• _Problem to solve_: The listing below holds a line with "Pokemon Go Shiny Abra" and a line with "Ancor 703073 True". Reproduce those two lines exactly, plus everything between them.

• _Input data_:
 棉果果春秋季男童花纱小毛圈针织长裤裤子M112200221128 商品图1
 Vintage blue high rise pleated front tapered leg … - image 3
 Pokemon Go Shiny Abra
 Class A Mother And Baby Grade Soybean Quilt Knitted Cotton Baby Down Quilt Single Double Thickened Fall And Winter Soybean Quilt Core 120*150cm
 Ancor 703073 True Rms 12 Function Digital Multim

...

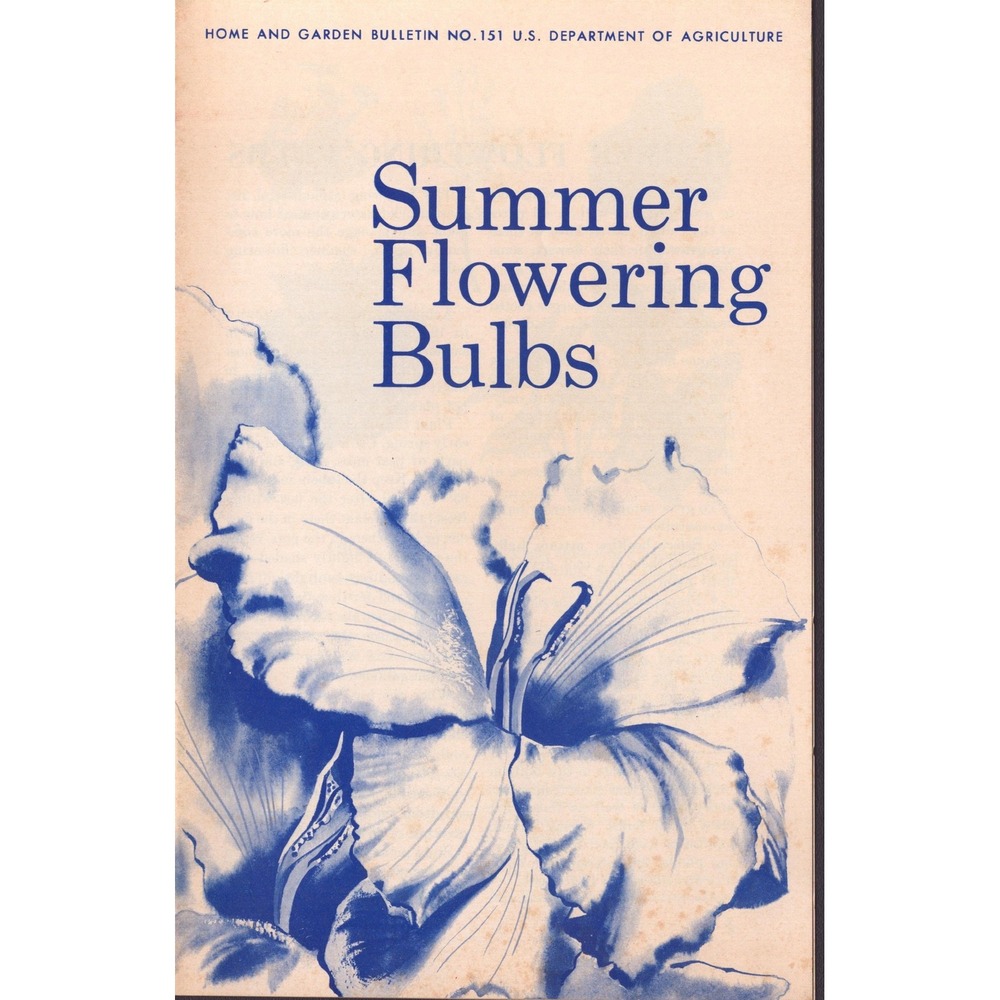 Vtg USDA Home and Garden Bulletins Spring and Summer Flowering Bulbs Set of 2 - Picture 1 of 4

* * *

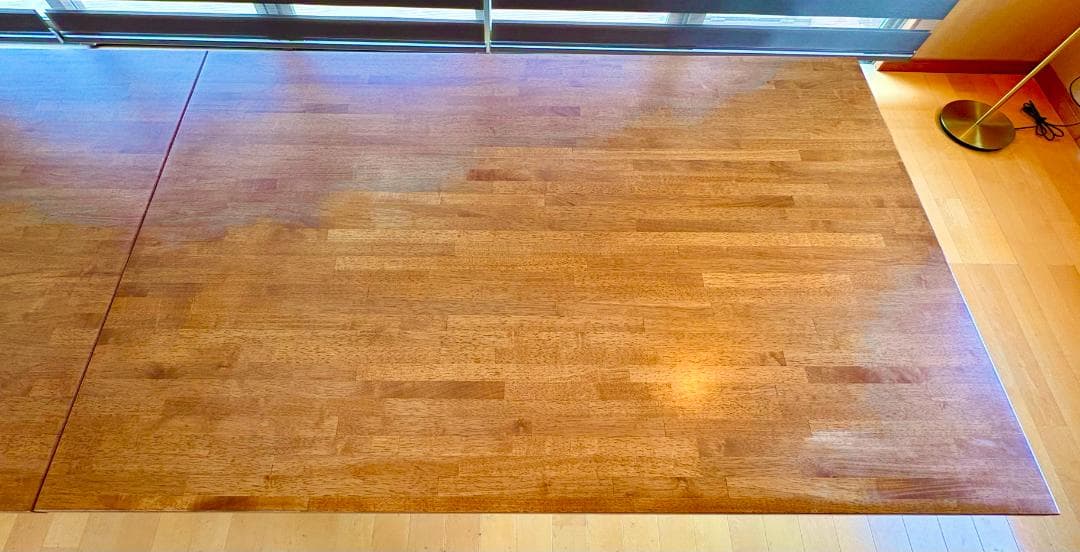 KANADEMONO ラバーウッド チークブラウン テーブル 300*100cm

• _Answer area_:
 Pokemon Go Shiny Abra
 Class A Mother And Baby Grade Soybean Quilt Knitted Cotton Baby Down Quilt Single Double Thickened Fall And Winter Soybean Quilt Core 120*150cm
 Ancor 703073 True Rms 12 Function Digital Multim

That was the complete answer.